Wenn sich ein Klassik-Ensemble mit Pop-Musik beschäftigt, kann das kein Projekt für Zwischendurch sein, weiß Dirk Mommertz, Pianist des Fauré Quartetts: „Wir sind in eine völlig andere Welt eingetaucht. Unbefangen, aber mit gehörigem Respekt.“ Am Sonntag wird diese Leistung von der Deutschen Phono-Akademie mit einem „Echo“ in der Kategorie Klassik ohne Grenzen gewürdigt.
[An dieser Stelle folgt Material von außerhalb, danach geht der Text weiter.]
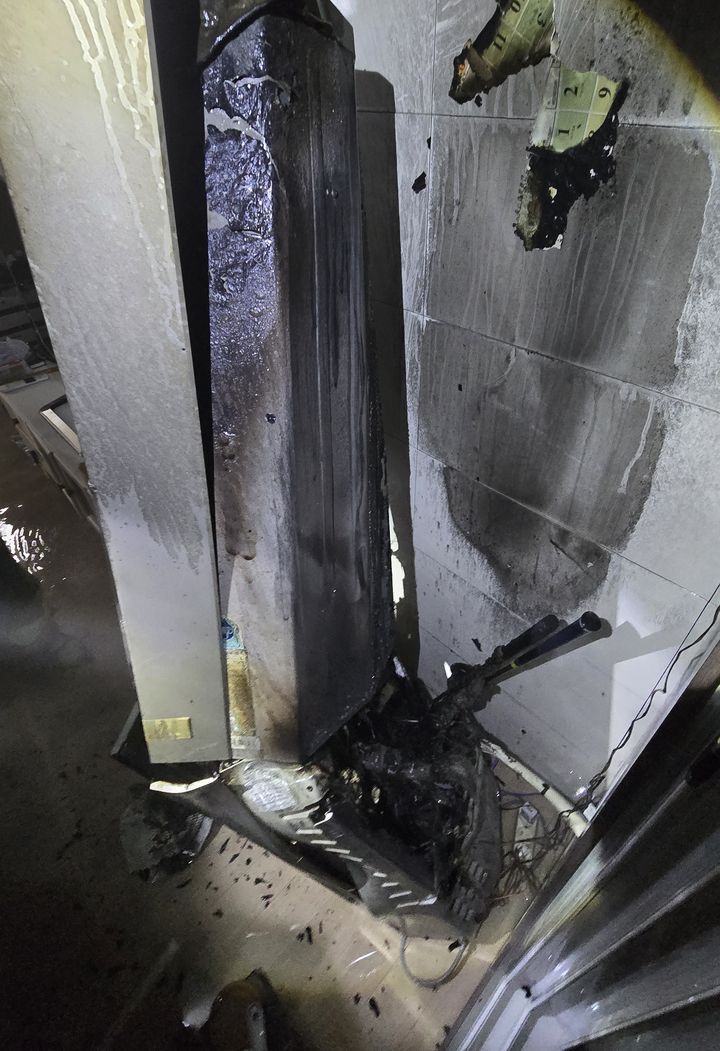 [울산=뉴시스] 박수지 기자 = 24일 오전 울산시 북구 송정동 한 아파트에 설치된 스탠드 에어컨에서 불이 나 까맣게 타있다. (사진=울산소방본부 제공) 2025.07.24. photo@newsis.com *재판매 및 DB 금지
Dieses „Pop meets Classic“-Projekt unterscheidet sich in so ziemlich allem von bekannten missglückten Klimmzügen, vorgebliches „E“ und behauptetes „U“ zu verschwistern. „Es gibt großartige Stücke“, sagt Mommertz, „die ,Bilder einer Ausstellung’ in der Version von Emerson, Lake and Palmer haben mich immer sehr beeindruckt.“ Aber die x-te Variation von Yesterday á la „Last Night of the Proms“; wer braucht die? Den Irrweg auszuschließen war eine der entscheidenden Maßgaben vor Produktionsstart. Mit der Deutschen Grammophon war sich das Quartett schnell einig. „Unser Label wollte die CD machen, da gab es keine Widerstände“, erinnert sich der Pianist, der 2005 dem Ruf an die Folkwang-Uni folgte. In Sven Helbig fand ein mit beiden musikalischen Sphären vertrauter Produzent. Er verantwortete sowohl die Dresdner Hochhaussinfonie, eine zeitgenössische klassische Komposition, als auch die Neuvertonung der Filmmusik zu „Panzerkreuzer Potemkin“ der Pet Shop Boys. Zwei Jahre verwendeten Helbig und das Ensemble auf die Auswahl des Repertoires. „Am Anfang standen 200 Songs“, erzählt Mommertz: „Wenn Pop, dann möglichst breit gefächert.“
Auf „Pop Songs“ findet sich Naheliegendes: Im Original schon majestätisch-elegisch Produziertes wie Paddy McAloons „Andromeda Heights“ und „Our mutual Friend“ von Divine Comedy. Daneben aber auch die Speed-Nummer „Chop Suey!“ von System of a Down und Hip-Hop aus dem Hause N.E.R.D. Nie gehört? „Mit Chart-Hits funktioniert es nicht“, stellt Mommertz fest. „Beim Hörer würde sich sofort das Vertrautere in den Vordergrund drängen.“ Sechs Arrangeure setzen die Stücke für die Besetzung Klavier, Cello, Geige und Bratsche. „Man erkennt deutlich die Handschrift jedes Einzelnen“, so der Folkwang-Professor. „Häufig haben wir noch während der Einspielung in Berlin hier und da etwas verändert.“ Was sagen die Komponisten? „Es war zeitraubend, die Bearbeitungsrechte zu bekommen.“ Doch am Ergebnis hatte niemand etwas auszusetzen. „Wir bekamen schmeichelhafte Post von Peter Gabriel und A-ha.“ Pet Shop Boy Neil Tennant besuchte das Fauré Quartett sogar im Studio. „Er war sehr neugierig, was wir mit seiner Musik anstellen würden,“ erzählt der Pianist. „Er hatte sichtlich Spaß zuzuhören.“
Für Pop Songs den Echo zu bekommen? Keiner der Beteiligten habe sich das träumen lassen. Die bereichernde Erfahrung, die das Projekt mit sich brachte, sei Belohnung genug gewesen. „Es war harte, fordernde, straff disziplinierte Arbeit. Aber auch pure Inspiration.“
Fast auf den Tag genau vor 15 Jahren gegründet, freuen sich Erika Geldsetzer (Geige), Bratschist Sascha Fröbling, Konstantin Heidrich (Cello) und Dirk Mommertz bereits über ihren zweiten Echo. Die Preisverleihung geht am Sonntag in der Philharmonie über die Bühne.